I warned that the coming downturn is likely to be deeper and more prolonged than others in recent years because there will be less scope for interest rate cuts and public expenditure. Inventors in the UK are likely to be affected by falling demand, reduced grant and loan funding, reduced credit, caution on the part of angels, VCs and other investors, rising costs at least in the long term and increasing competition from the BRICs states (Brazil, Russia, India and China).
However, growth in the BRICs states will provide opportunities. Until now we have looked to those countries to outsource manufacturing and services. Those countries are also fast growing markets, powerhouses of research and development and increasingly they will be a source of investment for business in the UK.

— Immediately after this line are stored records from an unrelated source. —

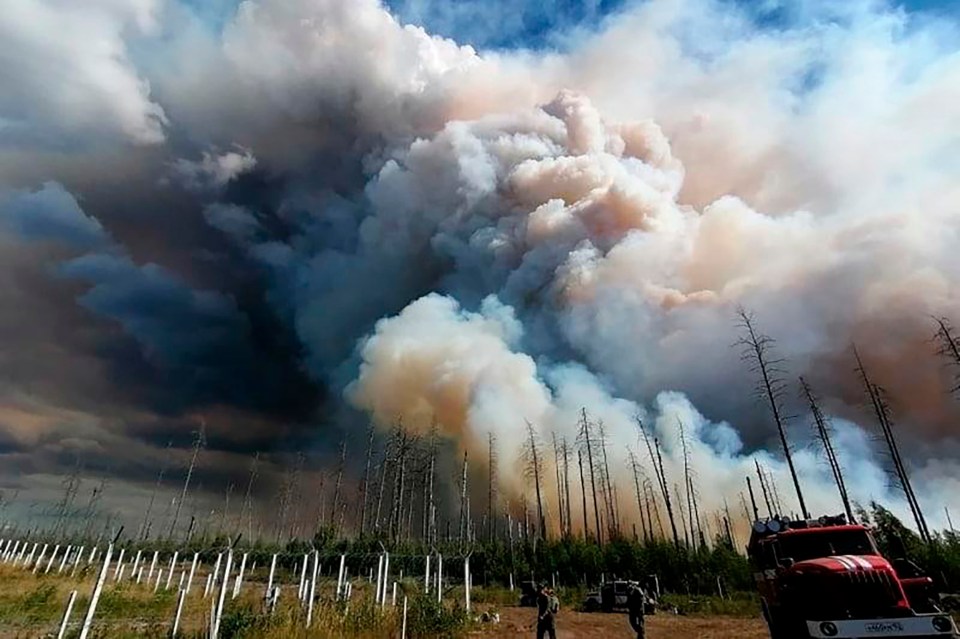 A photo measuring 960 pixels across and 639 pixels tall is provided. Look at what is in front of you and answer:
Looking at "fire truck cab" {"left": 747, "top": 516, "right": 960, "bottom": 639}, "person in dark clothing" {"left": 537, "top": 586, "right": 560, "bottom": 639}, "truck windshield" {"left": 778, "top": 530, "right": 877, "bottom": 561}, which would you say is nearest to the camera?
"fire truck cab" {"left": 747, "top": 516, "right": 960, "bottom": 639}

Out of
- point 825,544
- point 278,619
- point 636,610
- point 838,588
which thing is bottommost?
point 278,619

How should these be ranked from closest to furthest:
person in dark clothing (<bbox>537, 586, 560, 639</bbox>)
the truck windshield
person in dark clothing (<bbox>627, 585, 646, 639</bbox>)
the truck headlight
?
the truck headlight, the truck windshield, person in dark clothing (<bbox>537, 586, 560, 639</bbox>), person in dark clothing (<bbox>627, 585, 646, 639</bbox>)

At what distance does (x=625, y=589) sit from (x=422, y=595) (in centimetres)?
2534

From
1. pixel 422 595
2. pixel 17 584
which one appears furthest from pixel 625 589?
pixel 17 584

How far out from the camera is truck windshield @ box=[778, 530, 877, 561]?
510 inches

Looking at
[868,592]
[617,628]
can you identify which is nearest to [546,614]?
[868,592]

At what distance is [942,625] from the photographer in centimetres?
1002

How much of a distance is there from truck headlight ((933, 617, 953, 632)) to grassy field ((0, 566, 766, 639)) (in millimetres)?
12625

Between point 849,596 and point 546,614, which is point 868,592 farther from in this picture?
point 546,614

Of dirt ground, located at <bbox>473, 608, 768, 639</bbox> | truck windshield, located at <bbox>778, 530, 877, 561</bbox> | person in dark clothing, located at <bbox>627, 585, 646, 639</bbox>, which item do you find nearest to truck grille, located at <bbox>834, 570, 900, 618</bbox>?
truck windshield, located at <bbox>778, 530, 877, 561</bbox>

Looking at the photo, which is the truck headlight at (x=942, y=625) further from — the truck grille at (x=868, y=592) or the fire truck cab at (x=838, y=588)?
the truck grille at (x=868, y=592)

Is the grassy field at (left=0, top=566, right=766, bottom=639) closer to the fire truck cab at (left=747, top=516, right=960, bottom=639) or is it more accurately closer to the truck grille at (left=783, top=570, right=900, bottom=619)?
the fire truck cab at (left=747, top=516, right=960, bottom=639)

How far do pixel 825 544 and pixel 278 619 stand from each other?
14.0m

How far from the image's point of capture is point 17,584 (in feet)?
90.9
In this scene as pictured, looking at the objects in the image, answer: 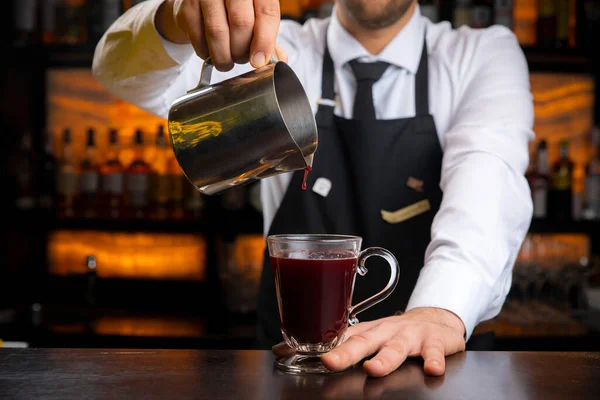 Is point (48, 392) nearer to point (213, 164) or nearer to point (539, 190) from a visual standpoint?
point (213, 164)

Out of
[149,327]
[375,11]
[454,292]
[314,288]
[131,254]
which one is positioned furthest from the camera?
[131,254]

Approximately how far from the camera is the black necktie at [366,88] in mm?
1755

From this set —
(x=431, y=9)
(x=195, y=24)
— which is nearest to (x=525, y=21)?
(x=431, y=9)

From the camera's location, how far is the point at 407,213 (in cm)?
167

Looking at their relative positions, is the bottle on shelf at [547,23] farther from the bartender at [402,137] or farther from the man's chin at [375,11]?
the man's chin at [375,11]

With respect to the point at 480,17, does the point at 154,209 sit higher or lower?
lower

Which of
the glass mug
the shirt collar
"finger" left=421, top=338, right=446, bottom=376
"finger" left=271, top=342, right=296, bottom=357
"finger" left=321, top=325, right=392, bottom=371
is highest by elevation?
the shirt collar

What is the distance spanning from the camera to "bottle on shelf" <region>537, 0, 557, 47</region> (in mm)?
2736

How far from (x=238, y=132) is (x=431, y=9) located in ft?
6.28

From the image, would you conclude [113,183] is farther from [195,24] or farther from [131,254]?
[195,24]

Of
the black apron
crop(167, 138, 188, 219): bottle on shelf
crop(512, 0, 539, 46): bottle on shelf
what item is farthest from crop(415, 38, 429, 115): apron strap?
crop(167, 138, 188, 219): bottle on shelf

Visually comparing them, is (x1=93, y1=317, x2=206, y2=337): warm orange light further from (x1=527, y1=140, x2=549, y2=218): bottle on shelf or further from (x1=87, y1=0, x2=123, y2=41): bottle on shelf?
(x1=527, y1=140, x2=549, y2=218): bottle on shelf

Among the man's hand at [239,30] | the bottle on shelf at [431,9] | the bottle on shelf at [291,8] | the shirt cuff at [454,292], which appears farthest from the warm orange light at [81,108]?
the man's hand at [239,30]

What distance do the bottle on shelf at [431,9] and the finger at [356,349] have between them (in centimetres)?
195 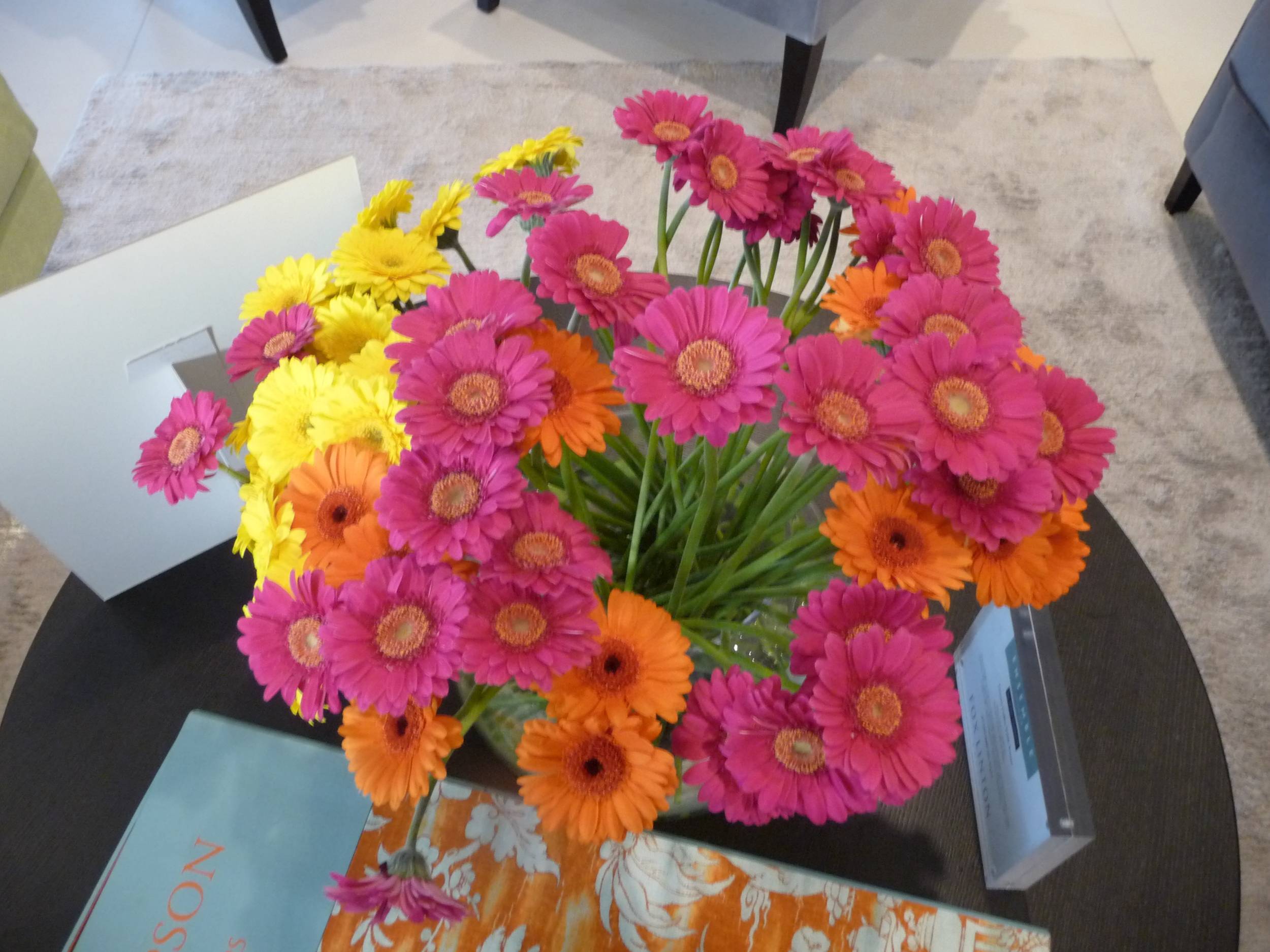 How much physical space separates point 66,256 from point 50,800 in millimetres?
1333

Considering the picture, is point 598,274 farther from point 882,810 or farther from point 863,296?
point 882,810

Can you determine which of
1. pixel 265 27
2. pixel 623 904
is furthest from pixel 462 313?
pixel 265 27

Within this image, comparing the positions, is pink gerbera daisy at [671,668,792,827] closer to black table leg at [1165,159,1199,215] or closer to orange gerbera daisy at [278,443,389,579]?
orange gerbera daisy at [278,443,389,579]

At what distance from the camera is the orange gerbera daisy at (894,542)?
1.26 feet

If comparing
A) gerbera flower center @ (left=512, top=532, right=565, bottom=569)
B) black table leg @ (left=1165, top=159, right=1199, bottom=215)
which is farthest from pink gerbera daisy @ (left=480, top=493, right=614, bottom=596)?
black table leg @ (left=1165, top=159, right=1199, bottom=215)

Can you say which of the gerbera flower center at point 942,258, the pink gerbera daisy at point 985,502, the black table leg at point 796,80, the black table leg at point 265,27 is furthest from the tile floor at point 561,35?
the pink gerbera daisy at point 985,502

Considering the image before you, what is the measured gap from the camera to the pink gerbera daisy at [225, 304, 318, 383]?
0.46 m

There will also be opportunities here. We shall still need to save energy and protect the environment. There will be plenty of demand for innovation in energy conservation, renewables and, of course, the Internet as it continues to develop and expand. I reminded the audience that 1930s, the decade of the worst economic downturn in recent history, was also an age of innovation producing all sorts of important inventions from ballpoint pens and sellotape to jet engines and radar.
Economic difficulties are likely to make invention promoters that much more tempting. They are to be avoided like the plague. Stephen Nipper has started a discussion on what to do about these people on his blog ("Counseling (sic) Victims of Invention Promotion Companies" 15 Oct 2008).